Local residents are beginning to appreciate the importance of the regional connections made possible by the Circuit Trails. Arguably no group understands that more than a handful of youth in Philadelphia, a dedicated crew of avid bicyclists, teammates and young minds called the Cadence Youth Cycling All-Stars.
These Philly adolescents have spent many hours riding on the Circuit Trails—for training, recreation and transportation. They know the trails, the connections and the routes. They even know the science behind the rivers and streams along which many of the trails run!
A program of the Bicycle Coalition of Greater Philadelphia, Cadence Youth Cycling aims to “engage youth through the sport of cycling to help them grow into healthy, responsible, confident adults.” But it’s not just about riding a bike, says Cy Maramangalam, program manager for Cadence Cycling Foundation. “Cadence fosters healthy habits and independence. We show the importance of showing up and being responsible.”
Thanks to generous support from the William Penn Foundation, RTC youth engagement coordinator Tom McKeon was able to spend his summer teaching youth, using the Circuit Trails as his classroom. One of his most engaged “classes” was a core group of All-Stars with whom he rode bicycles with throughout the summer on Circuit Trails in the Philadelphia region.

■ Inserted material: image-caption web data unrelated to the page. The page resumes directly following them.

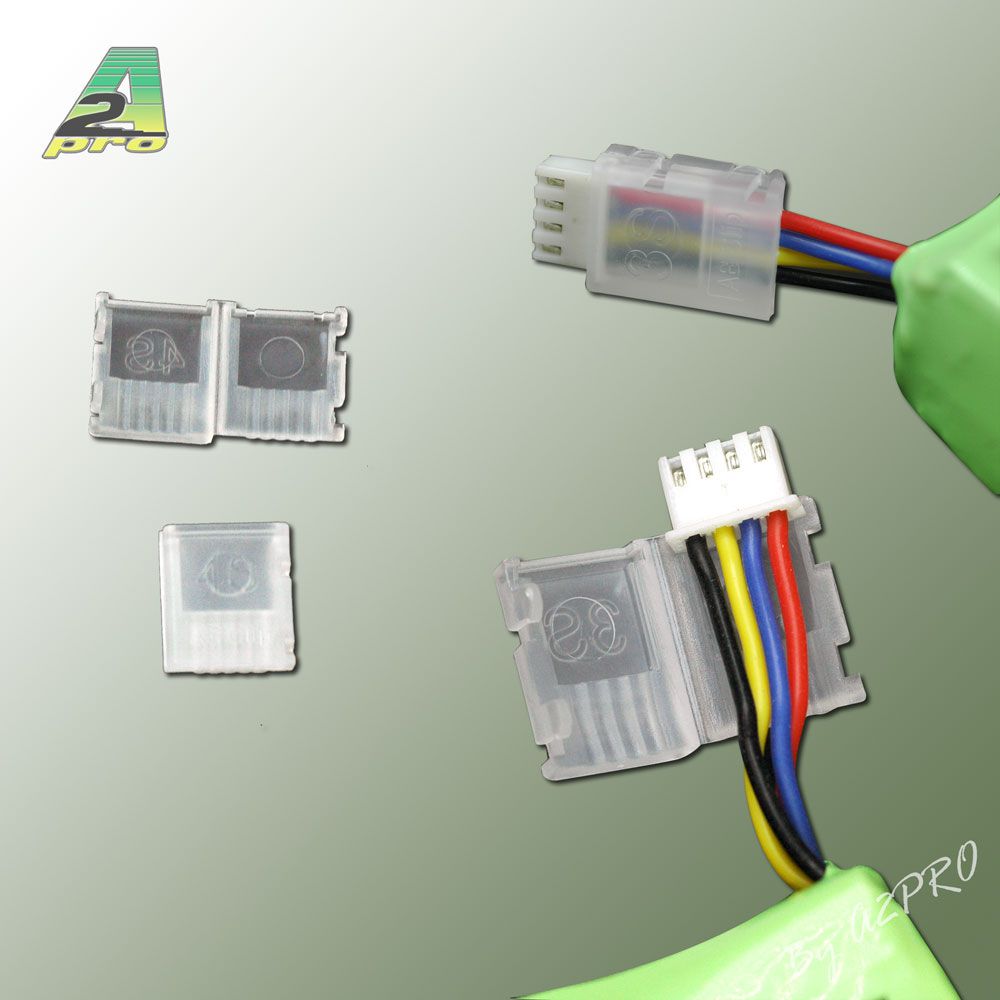 Protection connecteur male JST/XH 4S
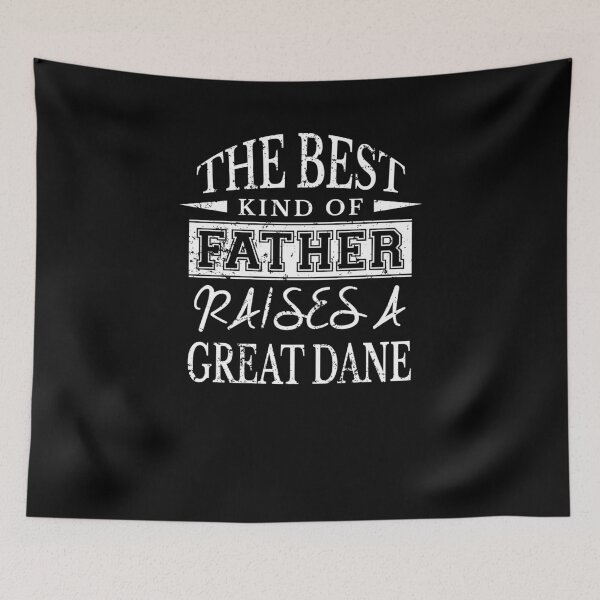 Item preview, Foster Dog Dad Best Father Great Dane designed and sold by shoppzee.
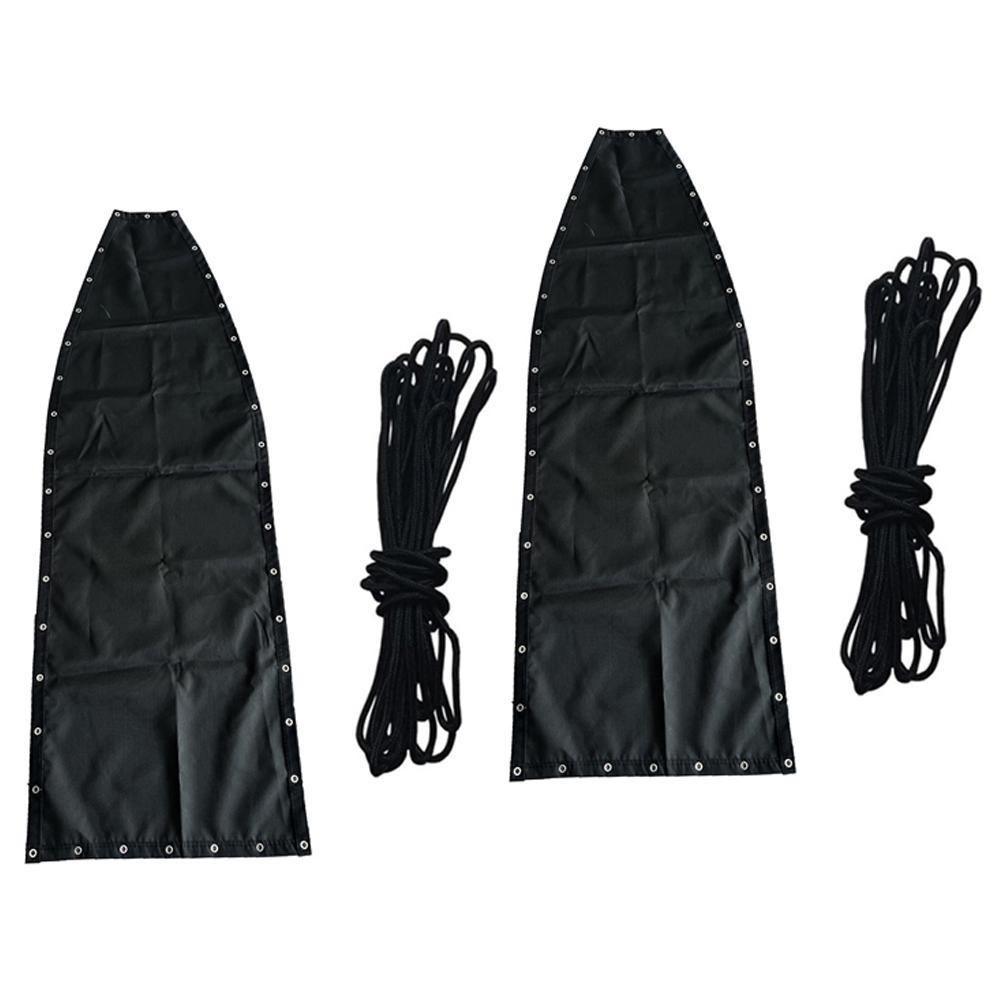 Black Chair Cover Hanging Swing Chair Easy Installation Process Enhanced Relaxation Experience For Outdoor Furniture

The initiative included a variety of organized rides, as well as educational programming and leadership development opportunities, and culminated in a three-day Youth Sojourn covering 128 miles.
During McKeon’s watershed lessons, the All-Stars collected samples of macro invertebrates, debated the pros and cons of canals in urban and suburban areas and discussed solutions for storm runoff. And the best part? The “lab,” “classroom” and “library” were all trailside.
“Watersheds are important because their health impacts public and ecological health,” explains McKeon. “The diversity of the Circuit Trails makes these projects easy and fun. The Circuit Trails network really is the most effective way of running an outdoor program.”
Due to the connections they made with the trails, and the leadership skills they developed, the Circuit Trails All-Star team turned into All-Star advocates for both the trail network and the Delaware River watershed, demonstrated in August when a group of Cadence All-Stars met with city elected officials in Philadelphia.
“One of the things that they said to council members was to connect the Circuit [Trails],” says Maramangalam. “They understand the importance [of the Circuit Trails] because they understand how safe it can be and have experienced firsthand how far it can take them. When they see that the trail network is unfinished, it’s a learning point. It’s something that we can fight for.”
The All-Stars also emphasized the importance of dealing with Philadelphia’s combined sewage overflow issues in a responsible manner, a topic they learned about during their trailside watershed education classes.
“I like seeing them owning this new info," says McKeon. "They’re listening, they’re soaking it all in, and they not only understand it but care about it, too.”
He continues, “Over the course of the summer, I’ve seen them develop a sense of responsibility over their trails. There is a sense of ownership. I can’t think of better stewards.”